Yes it is mathematically rigorous. A line element is given by a Riemanian metric.

Recall that a differential form on a vector space $V$ is a map ${\mathbb R}^2 \rightarrow V^*:={\rm Hom}(V,{\mathbb R})$, a Riemanian metric is a map $g:V \rightarrow {\rm Sym}(V^*)$ which is everywhere definite positive, and its length element $ds$ is the square root of $g$. Given a Riemanian metric $g$ and a parametrized curve $\gamma$, its length is $\int_{\gamma} ds := \int_0^1 \sqrt{g_{\gamma(t)}(\gamma'(t))} dt$ (which is independent of the parametrization).

In the case of $V:={\mathbb R}^3$, $dx,dy,dz$ are the usual differential forms, their squares $(dx)^2,(dy)^2,(dz)^2$ are maps ${\mathbb R}^2 \rightarrow {\rm Sym}(V^*)$ and their sum gives the usual metric.

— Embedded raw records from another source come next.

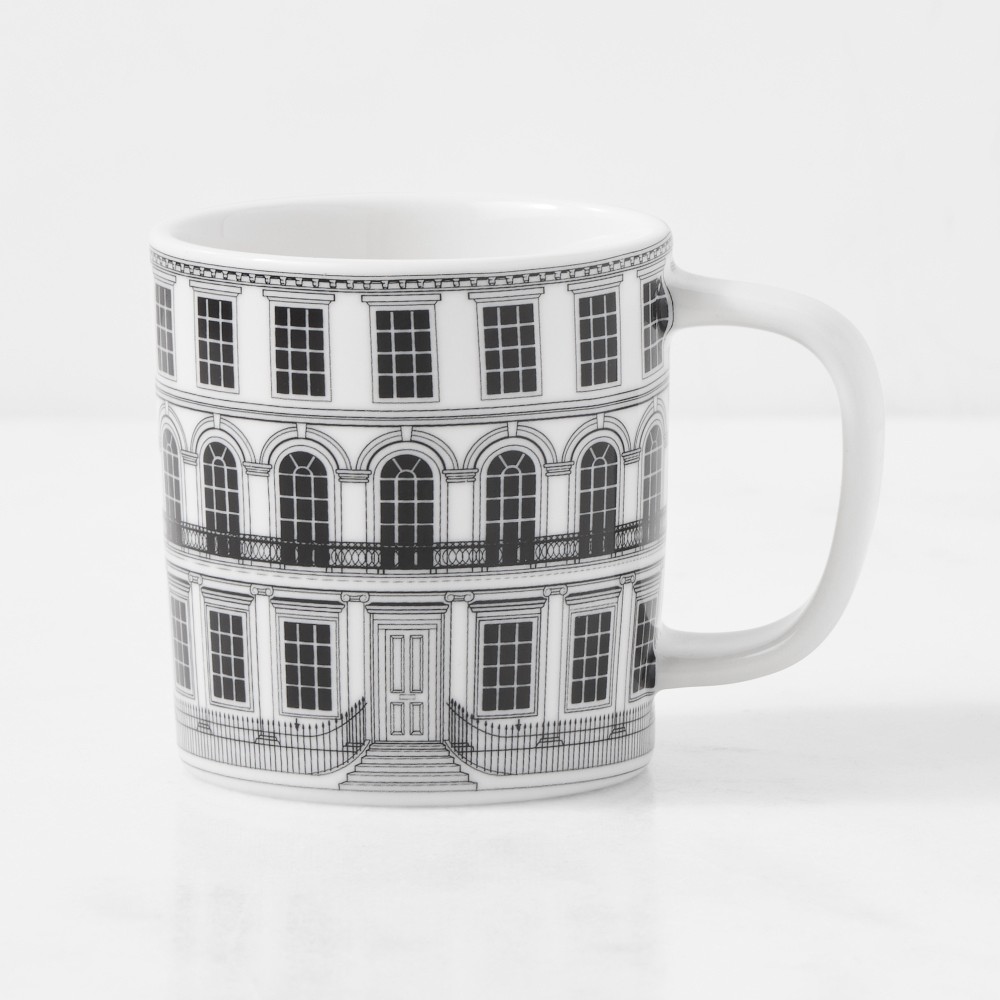 Rory Dobner x Williams Sonoma City Espresso Mugs, Each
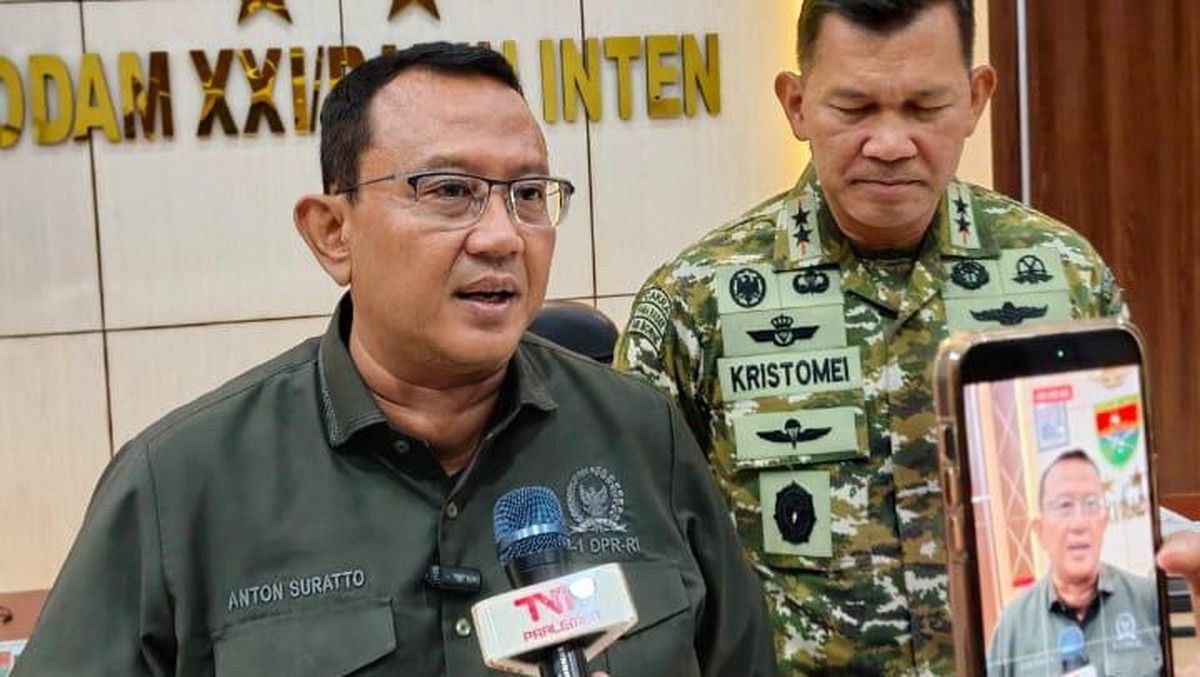 DPR Desak Evaluasi Latsarmil Usai Tiga Peserta SPPI Meninggal Dunia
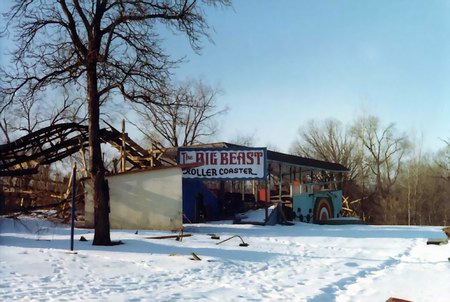 Edgewater Park - The Big Beast (newer photo)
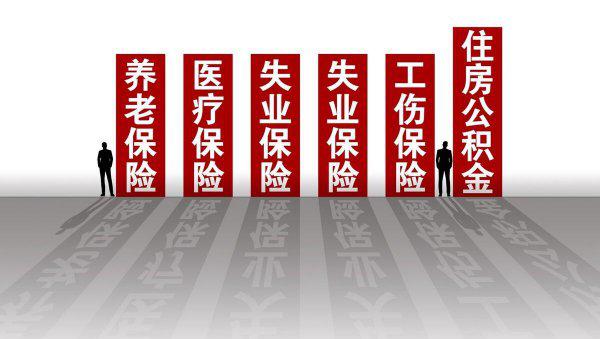 工资3000单位给交多少社保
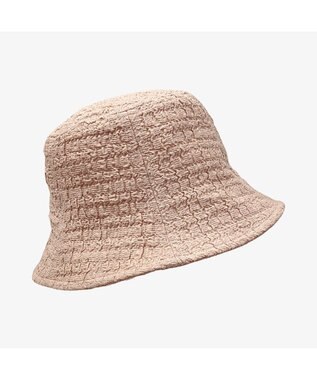 林八百吉商店 moz  キッズ　シャーリングハット ピンク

Same for the sphere ${\mathbb S}^2$. The differential of $\theta$ and $\phi$ are 1-forms $d\theta, d\phi :{\mathbb S}^2 \rightarrow T^*({\mathbb S}^2)$ and the map $r^2 \sin^2\theta.(d\theta)^2 + r^2 (d\phi)^2 : {\mathbb S}^2 \rightarrow {\rm Sym }(T^*{\mathbb S}^2)$ is the usual Riemanian metric.

Solution 4:

[This is best considered a comment, but a bit too long to post as one]

I'm not an expert on this subject, but I can give you a reference that you might find helpful. The book I have in my collection is called "A Primer of Infinitesimal Analysis" by John L. Bell. It is an alternative approach to real analysis that rigorously develops an idea of an infinitesimal that is different from Robinson's. The approach is intrinsically based on constructive logic (denies the law of excluded middle); thus the 'admissible functions' you see are a lot different from the ones you encounter in classical analysis.

The number system that is developed is not quite a field---it behaves a lot like $\mathbb{R}[x]/(x^2)$. Thus it contains a subfield isomorphic to $\mathbb{R}$, but around each point is a 'infinitesimal neighborhood.' Unlike Robinson's approach those elements in the infinitesimal neighborhood around 0 square to 0.

There is also a marked difference in philosophy. This approach does not consider $\mathbb{R}$ as a bunch of points tightly packed together, but rather a lot of infinitesimal line segments overlapping and intermingling together (I believe this idea formalizes what you are trying to capture). And the graphs of the functions to and from this system are seen as 'tilting' these line segments. And the derivative at a 'point' is the tilt of the infinitesimal neighborhood that contains that point.

If you don't mind me asking, what's not 'rigorous' about Robinson's system?